Debugging in the (Very) Large
Kinshuman Kinshumann, Kirk Glerum, Steve Greenberg, Gabriel Aul, Vince Orgovan, Greg Nichols, David Grant, Gretchen Loihle, and Galen Hunt: Debugging in the (Very) Large: Ten Years of Implementation and Experience. Communications of the ACM, 54(7), July 2011.
Windows Error Reporting (WER) is a distributed system that automates the processing of error reports coming from an installed base of a billion machines. WER has collected billions of error reports in 10 years of operation. It collects error data automatically and classifies errors into buckets, which are used to prioritize developer effort and report fixes to users. WER uses a progressive approach to data collection, which minimizes overhead for most reports yet allows developers to collect detailed information when needed. WER takes advantage of its scale to use error statistics as a tool in debugging; this allows developers to isolate bugs that cannot be found at smaller scale. WER has been designed for efficient operation at large scale: one pair of database servers records all the errors that occur on all Windows computers worldwide.

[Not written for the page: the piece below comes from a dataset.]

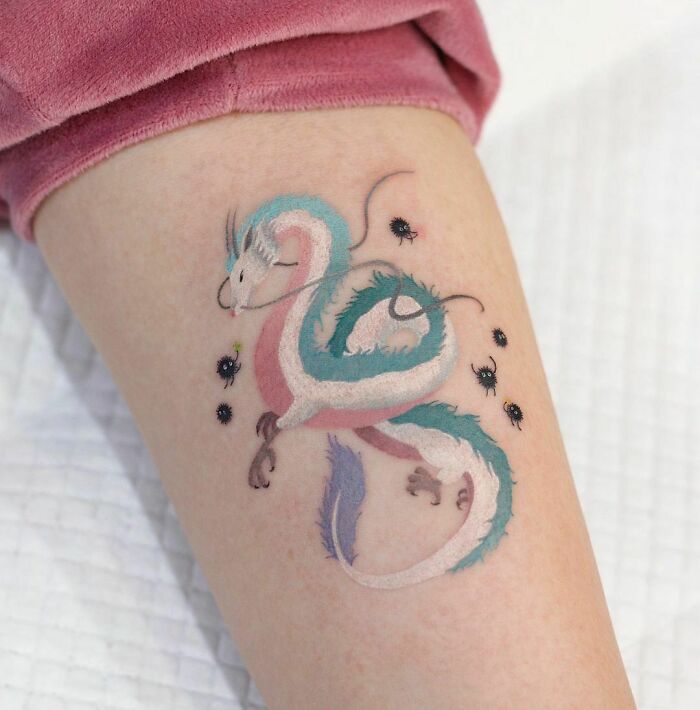 Color tattoo by Saegeem featuring a pastel dragon design surrounded by small black insects.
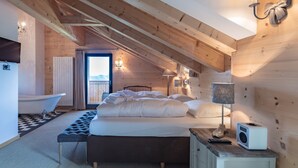 A bedroom with a large bed, a bathtub, and a wooden ceiling.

Engineering is in part what we do when quantitative differences become qualitative differences—when the ten pounds that we can lift easily becomes twenty, then two hundred. This paper is a very readable overview of how Microsoft's error reporting team has handled such a change in scale. WER's carefully-tuned bucketing and aggregation helps developers pinpoint errors and prioritize their work, so that the things that will affect the most people get the most attention. The authors' discussion of how this works, and of the insights that such big data can provide, are a great example of how innovative practices can open up new areas of research.